It's a Jeffersonian democracy. It's a capitalist system (though not completely unregulated or monopolistic). It's governed by a tripartite system of checks and balances. Voters are educated and informed by reliable media. The president and the Congress listen to their constituents, and the entire system is transparent to everyone, save for essential matters of national security. Political parties vigorously argue their cases, though in the end one or the other functions as the loyal opposition. Compromises are shaped with input from both sides of the political street.

At this moment, however, the state of the union is shaky.

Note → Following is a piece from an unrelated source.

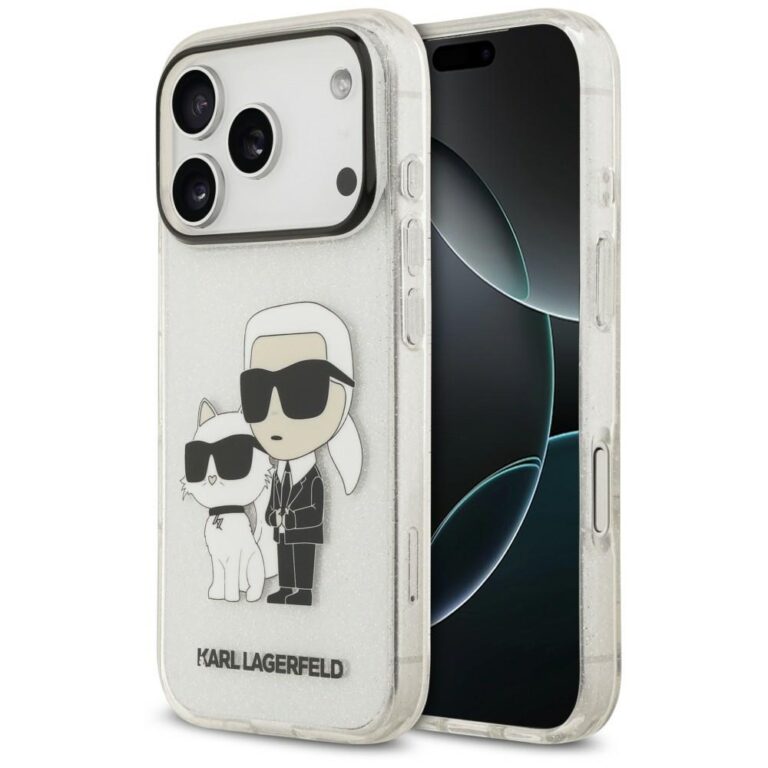 Etui Karl Lagerfeld IML NFT Glitter Karl&Choupette do iPhone 18 Pro Max / 17 Pro Max przezroczysty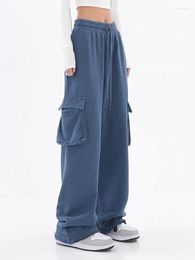 Women's Pants Harajuku Gothic Blue Cargo With Pockets Women Goth Hippie Punk Loose Baggy Oversize Korean Style Trousers Casual Fashion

There is no one reason, but here is an important one. Newspapers are less read, less influential than they used to be. TV's broadcast news is reduced in influence because of cable channel infotainment, radio talk shows and Internet sites and blogs. Because media information is nowadays slanted to produce higher ratings, the sensational and exciting developments are featured, while unbiased factual information is hard to come by. Fox News, featuring Glenn Beck, is pretty much a house organ of far right republicanism. MSNBC is reliably liberal-left democratic. CNN is sometimes middle-of-the road. Rush Limbaugh holds the radio franchise for far-right republicanism. Beck and Limbaugh excel in name-calling. Barack Obama is a Hitler, a fascist, a socialist, a communist. The Fox screen shows Obama with a Hitler mustache painted on. Limbaugh wants Obama to fail-and presumably this nation right along with him since, apparently, ideology is more important than national success. Sarah Palin joins in with her interpretation of paid end-of-life counseling as "death panels." Altogether, we are treated to a melange of cheap invective, misinformation and sheer insanity.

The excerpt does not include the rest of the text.